There’s no room for guessing and assuming even though it’s the standard operating procedure in most SaaS companies.
It’s not enough to identify the goal on the surface because you need to bridge the gap between their status quo and their goal.
Your customers’ needs are determined by
the problems they need to solve and
the reasons why the problem exists
their current skills and knowledge
their processes and business model
possible industry-specific rules that affect the outcome
3. Build a dedicated solution
I haven’t met a single company that does not think they have a great product.
But in reality, most of them have a more or less random mix of industry-typical features and functions.
They keep adding more stuff based either in a vacuum or based on popular demand.
Instead of qualifying feature requests by whom sent them in and evaluating whether there’s a projected value impact.

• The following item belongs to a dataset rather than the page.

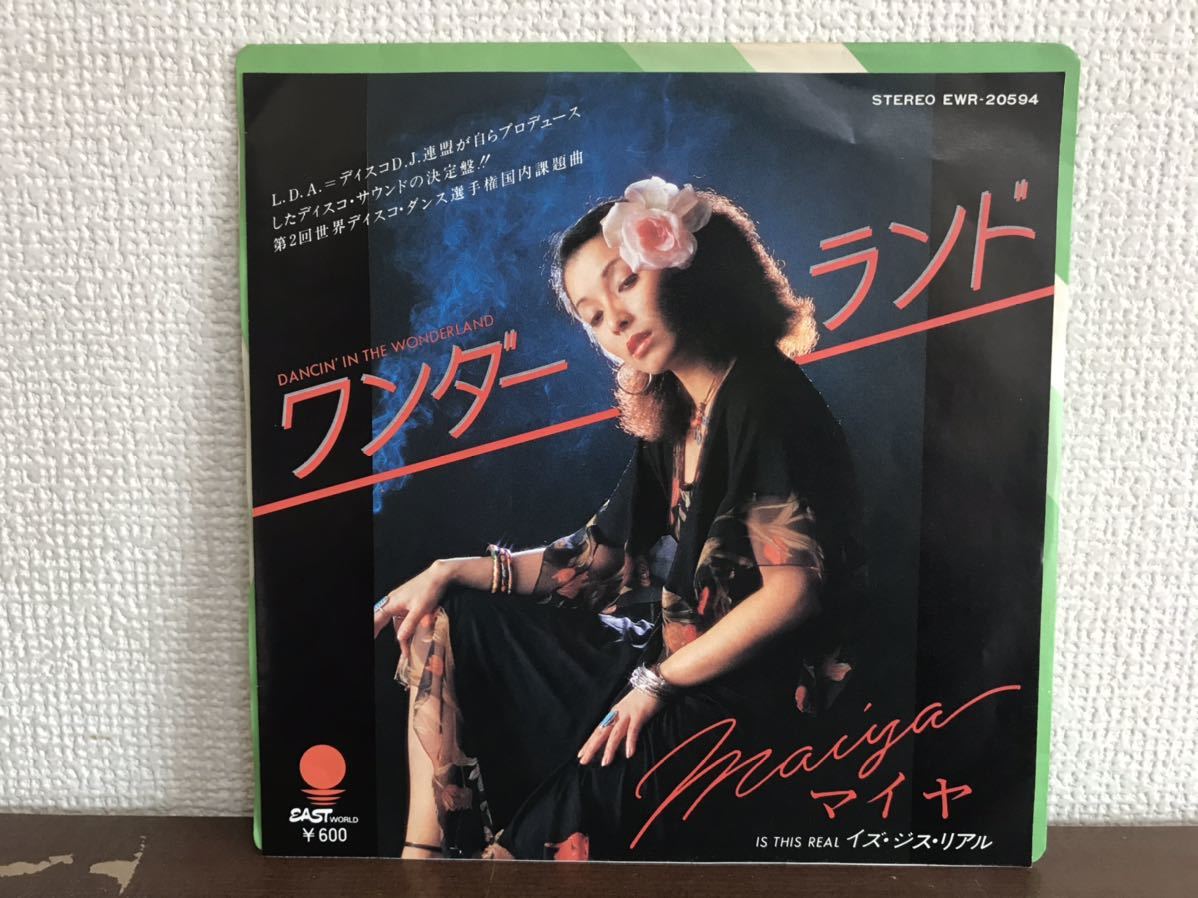 MAIYA DANCIN IN THE WONDERLAND（12）和モノ和物 マイヤ ワンダーランド シングル レコード 和モノ ディスコGROOVE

A great product is the embodiment of a specific methodology with a certain idea of how customers are supposed to use it.
There are zero features that can be eliminated without creating harm to your customers’ outcomes.
The most important goal when it comes to building your product is to add more value for your best customers and not try to appease each and everybody.

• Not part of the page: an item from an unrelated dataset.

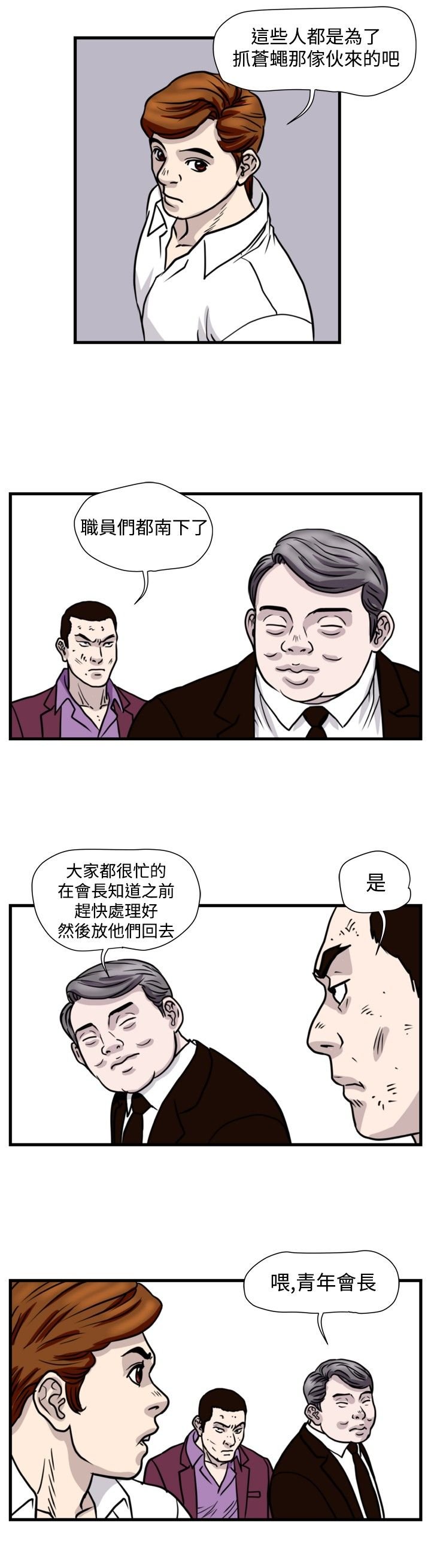第25章：窝藏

4. Turn CSMs into management consultants
Customer success managers are no longer mere product educators.
Because the technology is not your customers’ bottleneck.

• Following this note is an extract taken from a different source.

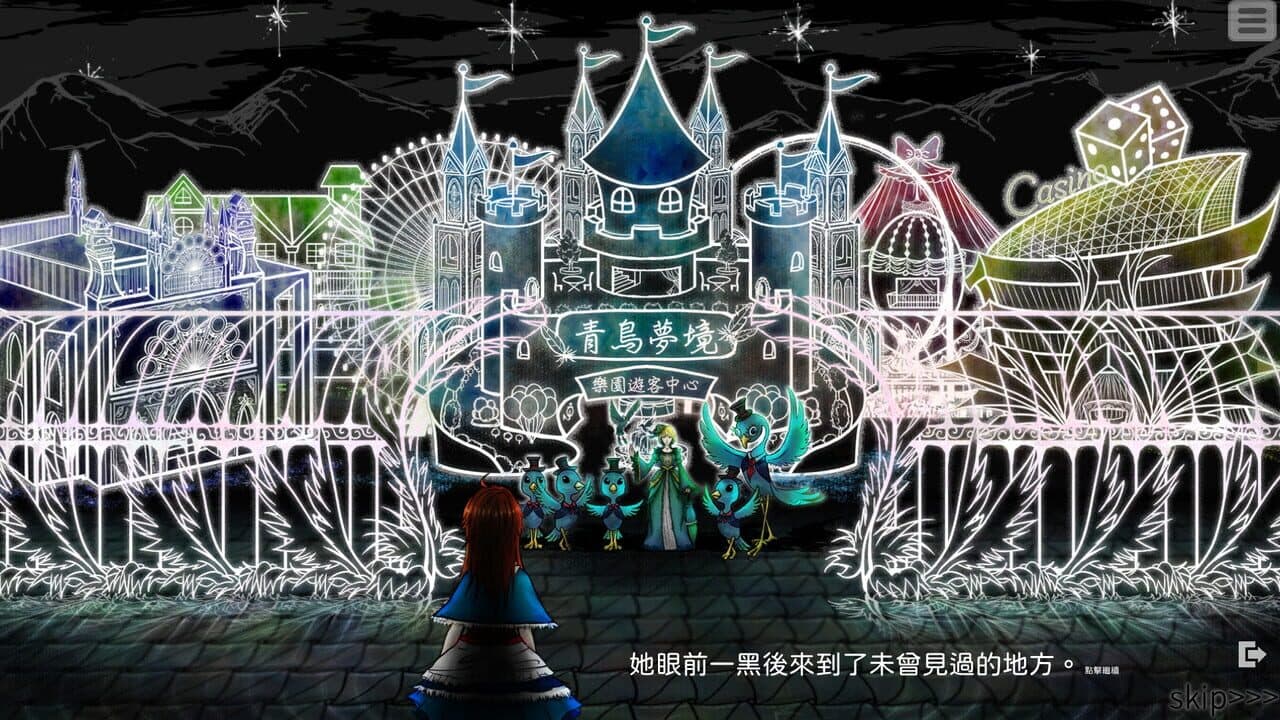 Blue Bird Land Ep. 1 thumbnail 5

After a (little) while, they’ll understand how to best use your features and functions.
But here’s the thing: The greatest product in the world can’t produce great outcomes from poor inputs.
Your mission is to educate, train and consult your customers to help them build expertise on the job they need the product for.
You need to ensure that they understand how to create high-quality inputs.
The further your customers climb on the “value ladder” the more highly specific and personalized consulting services they will need.
You need to be able to succeed in leading customers to the promised land accurately and repeatedly.
CSMs who want to play on the big stage need to build subject expertise on their own.
5. Solve big and bigger problems
Many SaaS companies are selling “all-in-one” solutions.
They cover everything that’s conceivably possible in the respective field but they (almost) never excel in solving one thing exceptionally well.
But customers don’t care about saving 2 working hours per month, increasing conversion rates by 0.1%, or getting 10 more likes on their social media posts.
If you are selling a commodity, nice-to-have customers have no reason to buy more from you.
Customers develop demand for expansions and upsells to further grow their value.
Yes, you need to deliver proof of value first.
Help your customers’ to solve their most valuable problems and if you’re done help them solve the next big one.
6. Tracking customer outcomes at all times
How much value do you have to deliver and how is it measured?
The solution is surprisingly simple which is why many SaaS companies don’t have it on their radar: Ask your customers.
Ask them what they intend to achieve and how they measure success respectively the ROI of using your product and working with you.
Yes, there’s a high probability that it’s not scalable but that does not matter.
Because it’s not your priority - helping customers to succeed is.
It does not matter whether they are looking to
and achieve their personal-related goals.
You need to understand what they want and create mutual accountability for the intended outcome.
A high NRR separates the elite from the pack because there are no hacks, tricks, or shortcuts to get there.
Every SaaS company can grow 50% YoY with enough cash to burn.
But growing 50% from your existing customer is a different story.
Does your company excel in growing NRR?